About this exercise:
Repeat exactly the lines below that lie between the line with "American Eagle mom shorts" and the line with "Audi A4 (2013)", counting both of those lines as part of the answer.

Extracted records:
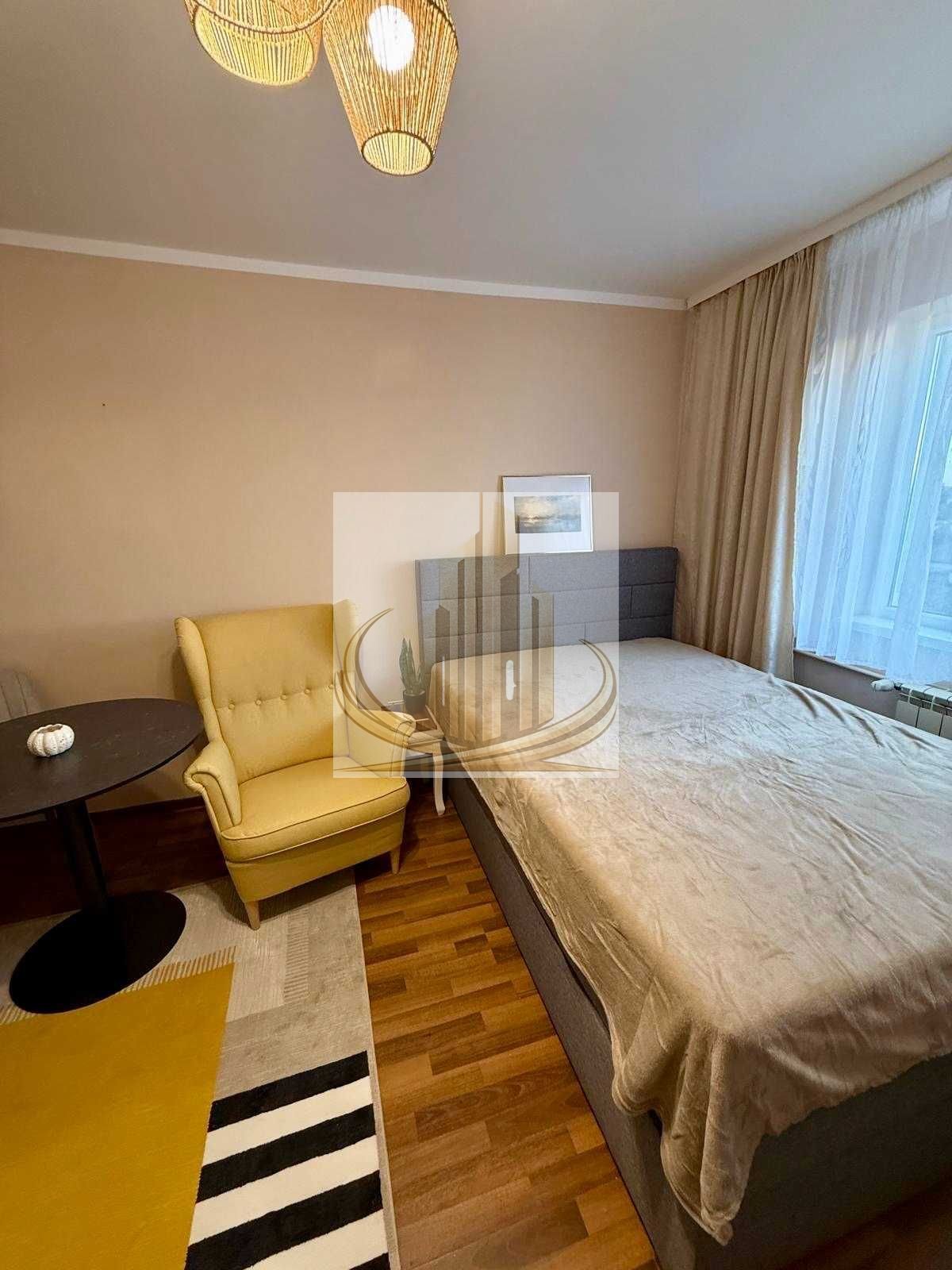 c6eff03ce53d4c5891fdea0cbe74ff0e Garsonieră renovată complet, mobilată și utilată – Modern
* * *
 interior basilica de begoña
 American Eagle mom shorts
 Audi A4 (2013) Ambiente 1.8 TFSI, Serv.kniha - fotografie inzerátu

Answer section:
 American Eagle mom shorts
 Audi A4 (2013) Ambiente 1.8 TFSI, Serv.kniha - fotografie inzerátu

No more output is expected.